You’ve shown me so much love already, I had wanted to celebrate AHJ’s birthday in quiet. But I decided to share some thoughts on blogging.
I wish I could whip out posts like cowboys with their pistols. I have asked a lot of myself here. Every post is a birth. I don’t write for your respect or like but feel I must bleed to earn it. Even if it’s just a paper cut. Has to be the masochistic Korean in me. Some posts I’ve spent months preparing. I have asked through many of them why in the world I was exacting a college paper from myself. I think, squint, think some more, hush the groaning in my brain. And after handing you the gift I prepared with love, I crash. Am physically drained after clicking publish.
WHY I SUFFER
How can I not? Why would I not give you my best? You fit my holistic journey into the countless choices you make in your week. The question of why it is we do what we do as bloggers came up in a conversation with a reader. I discovered my reason was curiously one that many men would have. Impact. You know how women are supposed to derive satisfaction most from relationships and men from a sense of significance? Obviously the goals are not mutually exclusive. But isn’t the angle many men and women approach people and work from interesting? I was able to distill my purpose in blogging to the extraordinary satisfaction of making an impact, in whatever way that happens. No real surprise, actually. Like many men, I’d rather have respect than love. Yeah, you can imagine how it pleases my husband to tap my soft side (reLiEf). I have written so that my words would land somewhere and do something. Otherwise I would’ve kept to a journal. I have written also because I couldn’t stop once I started. I’ve gone about the past year more inspired than I could handle. CPU overload. The floodgates had burst.
Many say they blog because they like to socialize. The relationships that gave me new life have been an unexpected reward for what I’ve put into the writing. The connection with my readers is so magical I’d have to call it alchemy. There are more than words in this place. There’s a couch, a box of Kleenex. It hit me recently that the couch was for me, too. It wasn’t just readers who walked away with food for thought. You have given me much to ponder, to reconsider. I have a treasury of insight and wisdom under every post to revisit when I need to. Gold. You’ve made me a rich woman. Do you love your blog? I shamelessly confess I love mine because my readers have turned it into what it is and I love my readers. Why should you like it if I didn’t myself? While having fun sharing some old posts with Opinionated Man‘s crowd, I put out The Power of Unstoppable Love for you here. And you responded. You didn’t know how good it felt to be home.
I was speaking to all my readers, which means you, in my last post on his main blog this week:
I don’t hear just the song and the band when I play an artist. I observe the inflections that say it’s Celine. I hear Josh Groban’s breath between the lines. And breath is something you don’t just hear. It’s something you feel.
I’ve noticed in the past year how up-close blogging brings you. I mean this even of posts that do not divulge personal stories.
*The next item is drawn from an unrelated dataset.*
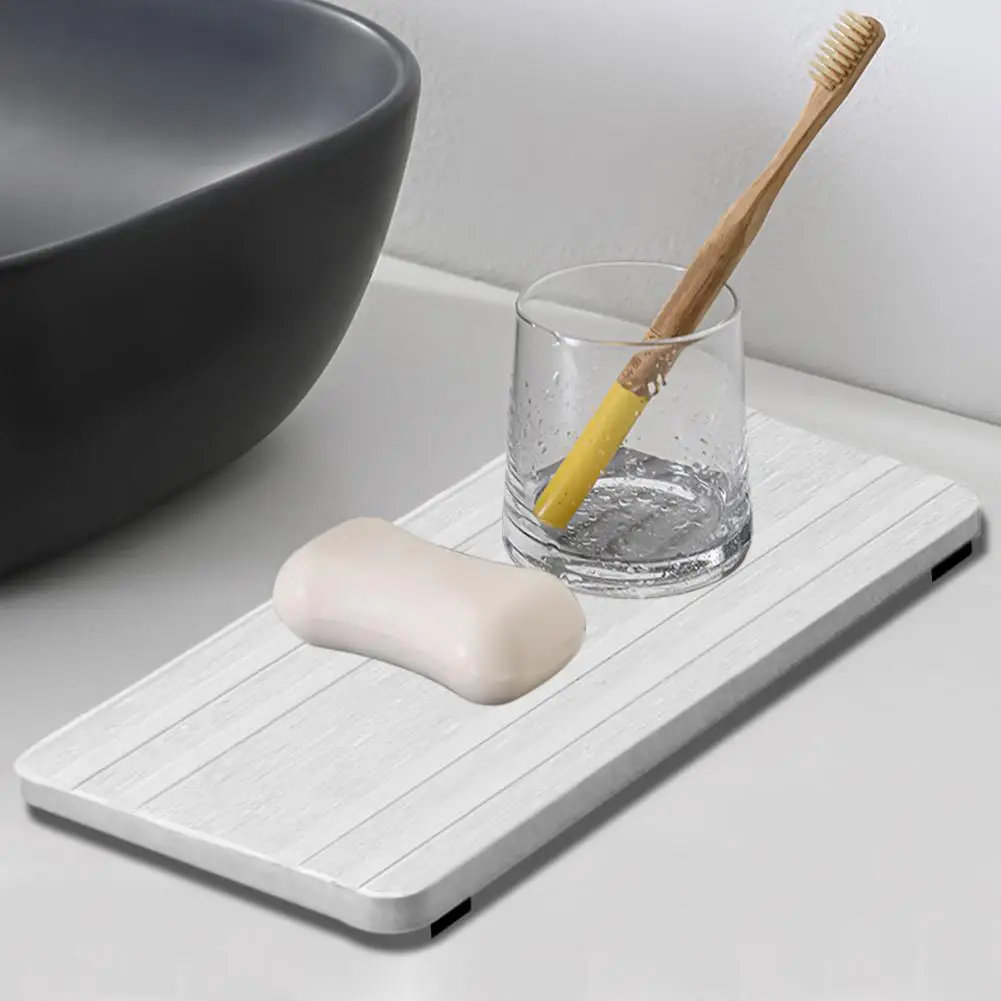 Plant Fiber Sink Mat 3pcs Water Absorbing Stone Tray Set Quick Drying Diatomite Sink Coasters Anti-slip Soap Holder for Kitchen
It’s the nature of writing. The voice, inflections, color of your words reveal so much of how your mind works, who you are, where your heart is. I feel the writer’s breath, his laugh, her cry. I’ve seen how high your sky is, how deep your night. When I see a reader on my Stats burrow into my archive, I almost want to cover myself. Hug my chest. He’s digging to know me better. He lifts page after page of my mind. Her understanding of the things deeply important to me will grow clearer with each post. She hears my voice. All to say, I have really enjoyed my time with you. Thanks for caring to read – and as many of you have, for doing it so faithfully.
My final song on mike, Curtain Call, I dedicate to you. It goes like this. If the curtain were to close on you in some way and the post you’re working on turns out to be your last, would you be pleased with your content and presentation? Would you be glad you got to tell your story? Did you leave us something worthwhile? Even a good laugh is a saving reminder of the joy of lightness. Make your posts meaningful or fun for yourself so that it’ll be meaningful and fun to us. Are you inspired, excited by your art or photography? Then you can hope we will be. Make the most of the time and attention on you, and the endless potential for connections from your post.
If we were each writing in our own cubicle with no way to visit one another – bring a cup of coffee – we know blogging would be a whole other experience. Pen name or no, you want to be known. Want to know you matter. So you splay your heart, asking us to feel its pulse. Make your posts matter, then. My readers don’t stop by my cubby with feedback on my posts. I’ve cleared the walls and we sink into the couch, our circle, with lots of pen and paper and the light in our eyes. While blogging has threatened to detract from the duties of living, my writing through this beautiful intimacy has been my living. My breath.
I’ve given you myself. I hope it was enough.